From setting to achieving sustainability goals

by | May 8, 2020

Why do companies have an easier time setting sustainability goals than achieving them? Modern corporations create astonishing wealth and innovation, but they have so far struggled to transform themselves to operate within the sustainable boundaries of natural resource systems, such as the atmosphere, forests, fisheries and soil systems.

In 2014, the New York Declaration on Forests saw a coalition of 52 companies, 66 nongovernmental organizations, 42 national governments, 9 financial institutions and 43 other actors set goals of cutting global deforestation in half and restoring millions of acres of land by 2020. But the rate of global deforestation increased by 43% from 2014 to 2018, compared to 2001-2013, and the coalition met only 20% of its land restoration goal.

A 2016 Bain & Company analysis of 300 corporate sustainability efforts found that only 2% achieved their goals.

Why is achieving corporate sustainability so hard?

Let’s focus on two barriers to corporate sustainability related to research I’m doing as an Erb Institute postdoctoral research fellow. First, we still haven’t settled on a definition of corporate sustainability, frustrating our ability to set achievable sustainability goals. Second, we still haven’t closed the longstanding knowledge gap between business and nature. Modern corporations excel at solving economic and innovation problems. If companies engage more deeply on eliminating these two barriers, achieving sustainability goals will become as common as setting them.

What is corporate sustainability?

We lack an agreed-upon definition of what makes a company sustainable. Some view sustainability as a journey toward improved operations and responsibility. Others equate corporate sustainability with sustainable development that “meets the needs of the present without compromising the ability of future generations to meet their own needs.” (UN World Commission on Environment and Development (UNWCED), Report of the World Commission on Environment and Development: Our Common Future, 1987)

While the journey metaphor highlights the importance of transformation, it must eventually reach a sustainability destination. While sustainable development shifts corporate mindsets toward the longer-term consequences of wealth generation, uncertainty about future generations’ needs complicates using it to label firms as sustainable or unsustainable.

I argue that we need a definition that recognizes the tangible limits of natural resource systems that firms use to source natural resource inputs and to dispose of waste.

Common sustainability definitions like sustainable development recognize limits but view them as ultimately inconsequential. “The concept of sustainable development does imply limits—not absolute limits but limitations imposed by the present state of technology and social organization on environmental resources and by the ability of the biosphere to absorb the effects of human activities.” (UNWCED, emphasis added)

Viewing limits on corporate use of nature as relative rather than absolute reflects a longstanding knowledge gap between business expertise, based on concepts of margins and efficiency, and natural science expertise, based on system dynamics.

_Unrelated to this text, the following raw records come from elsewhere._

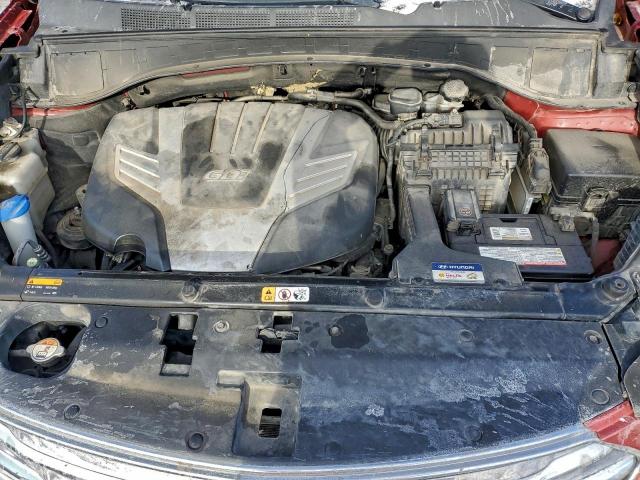 Hyundai SANTA FE Gls Image 9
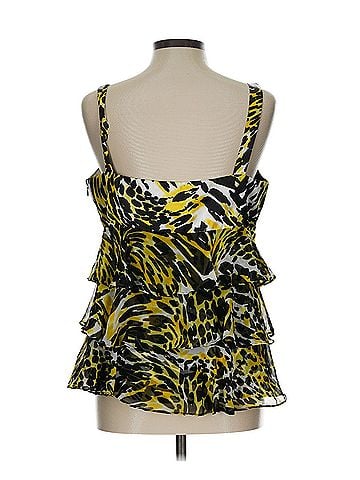 Cache Sleeveless Blouse (view 2)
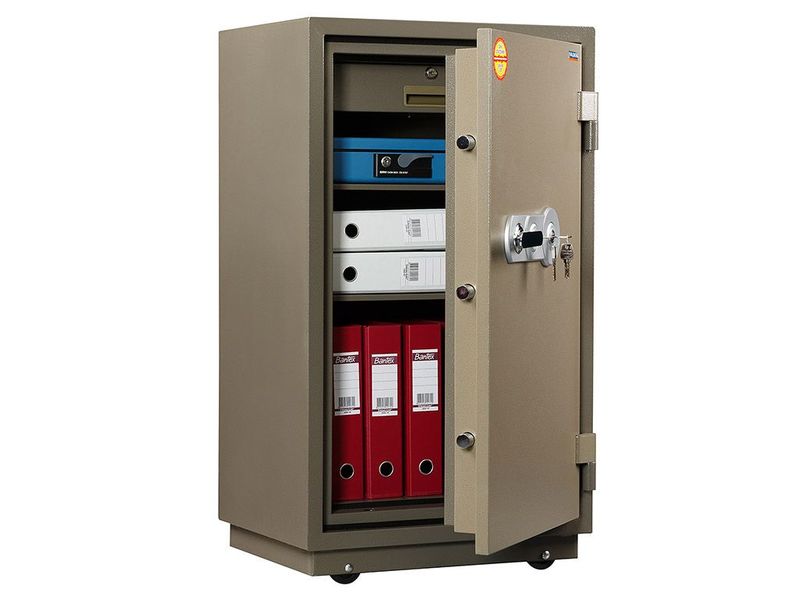 Сейф Valberg FRS-99.T-KL огнестойкий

Achieving corporate sustainability goals requires narrowing that gap by dropping the business concept of efficiency from corporate sustainability initiatives and instead recognizing absolute limits on resource systems and how those limits affect systems.

Narrowing the business-nature knowledge gap

Business practitioners have knowledge gaps about nature, and conservation practitioners have knowledge gaps about business.

Business people often lack knowledge about natural systems necessary to set feasible goals that recognize nature’s limits. And environmentalists often lack business knowledge necessary to set feasible goals that recognize how businesses could successfully operate within nature’s limits.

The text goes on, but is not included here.